The second book The Ask and the Answer mostly set in a town called Haven has the Mayor storming across this world with an army of zealots, and Todd doing more horrible things on the path to self-realisation, as certain people fight against him and his men, sometimes doing stuff through terrorism even worse than the villains, which raises its own set of moral quandaries, and the Spackle play a greater part as well, with Todd having to confront the reality of his actions, and his complicated relationship with Viola, Mistress Coyle, the Mayor, Davy (the mayor’s son, here improbably played by Nick Jonas), none of which we’re ever going to see.
Monsters of Men, well, we’re never going to see that either.
Well, we got one sixth of the story. It’s kinda like the movie they made of the Phillip Pullman book Northern Lights, which they turned into The Golden Compass, and squandered another opportunity to tell a great story. At least the His Dark Materials trilogy got a HBO series to tell the rest of the story. This, well, a treatment of a story done this poorly, which lost hundreds of millions of dollars, independent of the pandemic, mostly because of the timidity of the producers, it’s just a waste of people, time, money and talent.

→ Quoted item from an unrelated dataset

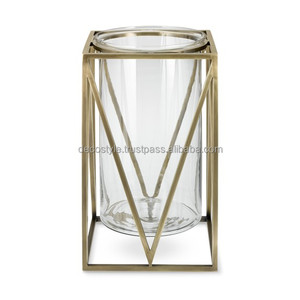 Portavelas Gold Geo Hurricane Elegante Otros tipos de candelabros Linternas Tarros de velas - Product Image 1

And a waste of a pretty good set of books. I’m sure Tom Holland and Daisy Ridley will be okay. I feel bad for Patrick Ness. To write such a good, solid, complex story, and to have it turned into a forgotten-as-you’re-consuming-it Maccas Happy Meal is a fucking travesty. That’s got to hurt, and I don’t care how much they paid for the rights.
I have already expended more energy, more thought and more sorrow in writing about this than any of the people involved. They have already probably forgotten about it, moved onto their next projects, promoting the next installment of some other franchise, of the next adaptation, reboot, retread, remake, restart. Gone, forgotten, what’s next?
But I’ll remember. The sheer shame of it all, such shattering mediocrity. I’ll remember.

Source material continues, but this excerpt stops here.